Table statistics are used by the query optimizer to select the best access plan for a query, so it is important that statistics remain current. With the ever-increasing size of databases, efficient statistics collection becomes more challenging.

An effective approach is to collect statistics on a random sample of table and index data. For I/O-bound or processor-bound systems, the performance benefits can be enormous.

The Db2® product enables you to efficiently sample data for statistics collection, potentially improving the performance of the RUNSTATS utility by orders of magnitude, while maintaining a high degree of accuracy.

Two methods of sampling are available: row-level sampling and page-level sampling. For a description of these sampling methods, see Data sampling in queries.

Performance of page-level sampling is excellent, because only one I/O operation is required for each selected page. With row-level sampling, I/O costs are not reduced, because every table page is retrieved in a full table or index scan. However, row-level sampling provides significant performance improvements, even if the amount of I/O is not reduced, because collecting statistics is processor-intensive.

Row-level table sampling provides a better sample than page-level table sampling in situations where the data values are highly clustered. Compared to page-level table sampling, the row-level table sample set will likely be a better reflection of the data, because it will include P percent of the rows from each data page. With page-level table sampling, all the rows of P percent of the pages will be in the sample set.

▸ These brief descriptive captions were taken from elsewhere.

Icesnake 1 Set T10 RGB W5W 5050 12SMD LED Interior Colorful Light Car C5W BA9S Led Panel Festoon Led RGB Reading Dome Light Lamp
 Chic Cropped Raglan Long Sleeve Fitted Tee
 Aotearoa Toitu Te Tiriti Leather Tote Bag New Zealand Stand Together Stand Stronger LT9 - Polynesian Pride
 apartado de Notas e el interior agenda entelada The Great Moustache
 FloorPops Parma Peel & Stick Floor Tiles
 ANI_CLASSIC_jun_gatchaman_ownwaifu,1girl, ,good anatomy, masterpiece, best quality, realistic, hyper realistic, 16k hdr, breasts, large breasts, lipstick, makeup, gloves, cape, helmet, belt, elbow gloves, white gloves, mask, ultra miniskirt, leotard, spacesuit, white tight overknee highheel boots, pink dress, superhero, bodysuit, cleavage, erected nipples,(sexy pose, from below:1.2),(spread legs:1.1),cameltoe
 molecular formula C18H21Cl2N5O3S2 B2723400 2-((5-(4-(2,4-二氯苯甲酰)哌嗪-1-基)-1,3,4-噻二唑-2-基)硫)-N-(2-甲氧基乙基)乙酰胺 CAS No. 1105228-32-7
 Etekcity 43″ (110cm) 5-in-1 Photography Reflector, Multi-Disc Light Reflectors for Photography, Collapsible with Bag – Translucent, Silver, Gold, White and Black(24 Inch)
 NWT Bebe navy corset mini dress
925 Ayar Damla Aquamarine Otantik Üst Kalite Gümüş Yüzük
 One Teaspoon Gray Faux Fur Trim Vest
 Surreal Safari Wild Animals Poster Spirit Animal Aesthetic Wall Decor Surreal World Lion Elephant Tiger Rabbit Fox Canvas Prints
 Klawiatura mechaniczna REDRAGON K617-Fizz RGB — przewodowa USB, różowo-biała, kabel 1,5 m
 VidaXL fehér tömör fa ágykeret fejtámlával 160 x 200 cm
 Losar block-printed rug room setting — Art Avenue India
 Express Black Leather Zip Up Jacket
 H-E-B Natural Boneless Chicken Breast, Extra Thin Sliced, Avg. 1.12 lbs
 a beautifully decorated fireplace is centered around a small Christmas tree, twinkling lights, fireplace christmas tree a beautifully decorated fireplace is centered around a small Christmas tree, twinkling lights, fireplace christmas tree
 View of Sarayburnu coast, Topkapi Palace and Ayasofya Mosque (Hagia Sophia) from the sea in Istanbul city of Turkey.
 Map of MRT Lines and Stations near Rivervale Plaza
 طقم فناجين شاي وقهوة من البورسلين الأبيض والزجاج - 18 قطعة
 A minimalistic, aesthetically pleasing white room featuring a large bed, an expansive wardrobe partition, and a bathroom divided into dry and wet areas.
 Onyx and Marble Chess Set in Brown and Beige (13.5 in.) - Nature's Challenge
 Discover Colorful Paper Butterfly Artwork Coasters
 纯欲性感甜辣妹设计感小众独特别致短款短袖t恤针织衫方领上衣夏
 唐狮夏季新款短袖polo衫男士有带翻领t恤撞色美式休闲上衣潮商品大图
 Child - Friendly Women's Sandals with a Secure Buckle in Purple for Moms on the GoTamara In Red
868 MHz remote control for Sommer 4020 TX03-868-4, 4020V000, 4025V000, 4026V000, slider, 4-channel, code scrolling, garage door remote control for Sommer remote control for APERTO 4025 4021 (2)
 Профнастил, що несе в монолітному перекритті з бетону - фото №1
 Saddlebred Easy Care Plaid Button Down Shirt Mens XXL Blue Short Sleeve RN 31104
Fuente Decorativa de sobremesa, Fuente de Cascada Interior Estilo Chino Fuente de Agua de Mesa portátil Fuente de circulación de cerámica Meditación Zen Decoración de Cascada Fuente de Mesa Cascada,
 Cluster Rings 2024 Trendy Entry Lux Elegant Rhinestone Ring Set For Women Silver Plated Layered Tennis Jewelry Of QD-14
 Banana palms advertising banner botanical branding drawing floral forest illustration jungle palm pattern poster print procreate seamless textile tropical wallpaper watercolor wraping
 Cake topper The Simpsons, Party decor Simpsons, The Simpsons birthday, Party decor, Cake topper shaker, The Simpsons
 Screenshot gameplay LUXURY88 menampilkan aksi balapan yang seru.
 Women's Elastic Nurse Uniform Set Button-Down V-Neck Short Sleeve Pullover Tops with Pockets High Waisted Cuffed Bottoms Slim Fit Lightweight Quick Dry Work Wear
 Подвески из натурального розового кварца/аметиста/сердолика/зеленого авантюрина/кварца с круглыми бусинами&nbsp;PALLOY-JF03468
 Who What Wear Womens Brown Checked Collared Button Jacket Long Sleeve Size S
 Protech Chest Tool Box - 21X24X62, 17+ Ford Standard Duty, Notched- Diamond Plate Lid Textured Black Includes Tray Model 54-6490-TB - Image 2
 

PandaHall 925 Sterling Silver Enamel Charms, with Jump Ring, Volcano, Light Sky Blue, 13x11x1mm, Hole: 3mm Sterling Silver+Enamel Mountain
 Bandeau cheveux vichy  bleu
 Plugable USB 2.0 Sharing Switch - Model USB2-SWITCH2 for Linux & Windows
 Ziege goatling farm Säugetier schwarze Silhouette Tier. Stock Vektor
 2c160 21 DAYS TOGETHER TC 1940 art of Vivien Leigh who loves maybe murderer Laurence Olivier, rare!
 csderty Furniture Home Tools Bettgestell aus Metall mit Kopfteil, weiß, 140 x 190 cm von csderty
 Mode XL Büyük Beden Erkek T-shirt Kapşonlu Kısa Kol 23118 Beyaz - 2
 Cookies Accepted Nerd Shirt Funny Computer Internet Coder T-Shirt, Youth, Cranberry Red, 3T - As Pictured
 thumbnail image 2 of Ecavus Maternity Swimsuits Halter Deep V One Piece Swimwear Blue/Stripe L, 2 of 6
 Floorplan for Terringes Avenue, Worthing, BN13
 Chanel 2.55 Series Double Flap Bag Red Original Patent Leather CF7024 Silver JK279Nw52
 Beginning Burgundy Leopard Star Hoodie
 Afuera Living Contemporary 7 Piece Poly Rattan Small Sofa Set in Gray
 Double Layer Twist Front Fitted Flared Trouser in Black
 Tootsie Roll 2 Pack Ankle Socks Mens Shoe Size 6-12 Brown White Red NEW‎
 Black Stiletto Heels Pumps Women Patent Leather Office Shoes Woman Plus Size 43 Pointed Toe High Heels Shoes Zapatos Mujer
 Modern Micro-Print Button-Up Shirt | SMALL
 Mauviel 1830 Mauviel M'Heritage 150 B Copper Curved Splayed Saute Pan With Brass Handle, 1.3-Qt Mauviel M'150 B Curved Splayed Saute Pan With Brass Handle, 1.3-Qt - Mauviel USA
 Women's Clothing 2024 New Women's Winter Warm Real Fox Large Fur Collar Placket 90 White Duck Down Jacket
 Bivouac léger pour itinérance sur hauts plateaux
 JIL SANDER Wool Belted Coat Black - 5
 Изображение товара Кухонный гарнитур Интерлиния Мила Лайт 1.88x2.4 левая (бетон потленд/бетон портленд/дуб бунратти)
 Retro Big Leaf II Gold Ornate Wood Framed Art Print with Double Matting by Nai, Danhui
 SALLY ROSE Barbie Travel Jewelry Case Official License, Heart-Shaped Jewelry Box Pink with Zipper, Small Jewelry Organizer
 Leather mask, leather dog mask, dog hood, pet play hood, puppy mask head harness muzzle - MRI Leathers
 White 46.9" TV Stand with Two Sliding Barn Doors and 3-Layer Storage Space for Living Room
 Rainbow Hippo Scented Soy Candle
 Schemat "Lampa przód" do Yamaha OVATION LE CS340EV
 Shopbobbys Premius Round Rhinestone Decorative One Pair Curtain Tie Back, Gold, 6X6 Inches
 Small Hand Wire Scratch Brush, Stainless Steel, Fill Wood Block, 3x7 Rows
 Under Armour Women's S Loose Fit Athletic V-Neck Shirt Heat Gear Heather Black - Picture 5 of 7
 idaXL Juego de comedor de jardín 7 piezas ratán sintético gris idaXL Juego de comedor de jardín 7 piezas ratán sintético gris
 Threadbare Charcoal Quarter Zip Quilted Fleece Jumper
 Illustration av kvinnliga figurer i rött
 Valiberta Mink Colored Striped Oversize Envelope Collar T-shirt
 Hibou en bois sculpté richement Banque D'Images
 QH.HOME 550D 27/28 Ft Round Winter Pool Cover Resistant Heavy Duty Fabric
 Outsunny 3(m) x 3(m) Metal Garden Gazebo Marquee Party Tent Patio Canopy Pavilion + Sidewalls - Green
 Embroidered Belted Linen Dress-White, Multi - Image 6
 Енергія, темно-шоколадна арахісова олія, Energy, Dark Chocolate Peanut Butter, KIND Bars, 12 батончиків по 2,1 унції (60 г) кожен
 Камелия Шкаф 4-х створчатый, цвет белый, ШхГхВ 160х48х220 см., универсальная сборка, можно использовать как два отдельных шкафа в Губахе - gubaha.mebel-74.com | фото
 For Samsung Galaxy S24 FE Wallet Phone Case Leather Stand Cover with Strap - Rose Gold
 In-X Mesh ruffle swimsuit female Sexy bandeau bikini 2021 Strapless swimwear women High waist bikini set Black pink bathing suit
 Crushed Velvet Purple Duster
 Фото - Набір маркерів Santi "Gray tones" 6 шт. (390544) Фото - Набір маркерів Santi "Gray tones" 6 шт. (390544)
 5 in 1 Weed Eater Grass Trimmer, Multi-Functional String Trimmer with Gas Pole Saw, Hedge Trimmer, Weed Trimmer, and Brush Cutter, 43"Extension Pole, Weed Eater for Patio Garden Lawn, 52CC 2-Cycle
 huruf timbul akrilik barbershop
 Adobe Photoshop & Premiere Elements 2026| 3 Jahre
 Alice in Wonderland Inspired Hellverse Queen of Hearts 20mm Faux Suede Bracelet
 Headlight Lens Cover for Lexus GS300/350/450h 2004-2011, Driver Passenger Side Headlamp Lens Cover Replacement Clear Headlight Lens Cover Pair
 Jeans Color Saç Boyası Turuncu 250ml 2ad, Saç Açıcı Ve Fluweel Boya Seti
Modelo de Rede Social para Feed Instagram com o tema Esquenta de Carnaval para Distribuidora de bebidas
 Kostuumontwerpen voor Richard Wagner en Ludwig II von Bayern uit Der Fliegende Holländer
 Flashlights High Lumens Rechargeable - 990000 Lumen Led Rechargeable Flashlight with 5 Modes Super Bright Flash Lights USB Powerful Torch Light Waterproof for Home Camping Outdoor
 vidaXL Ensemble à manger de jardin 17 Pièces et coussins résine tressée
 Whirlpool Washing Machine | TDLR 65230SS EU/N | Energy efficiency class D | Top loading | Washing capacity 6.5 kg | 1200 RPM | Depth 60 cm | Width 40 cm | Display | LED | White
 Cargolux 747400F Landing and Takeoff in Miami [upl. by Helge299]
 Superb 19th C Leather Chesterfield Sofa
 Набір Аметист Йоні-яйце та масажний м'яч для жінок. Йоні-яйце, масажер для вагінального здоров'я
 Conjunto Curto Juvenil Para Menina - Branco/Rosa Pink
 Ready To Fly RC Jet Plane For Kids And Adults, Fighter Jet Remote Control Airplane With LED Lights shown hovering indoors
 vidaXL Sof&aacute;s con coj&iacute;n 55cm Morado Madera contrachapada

If the rows are distributed randomly over the table, the accuracy of row-sampled statistics will be similar to the accuracy of page-sampled statistics.

Each table sample is randomly generated across repeated invocations of the RUNSTATS command, unless the REPEATABLE parameter is used, in which case the previous table sample is regenerated. This option can be useful in cases where consistent statistics are required for tables whose data remains constant.

REPEATABLE does not apply to the index sampling (INDEXSAMPLE) - there is no similar functionality.

In IBM® Data Studio Version 3.1 or later, you can use the task assistant for collecting statistics. Task assistants can guide you through the process of setting options, reviewing the automatically generated commands to perform the task, and running these commands. For more details, see Administering databases with task assistants.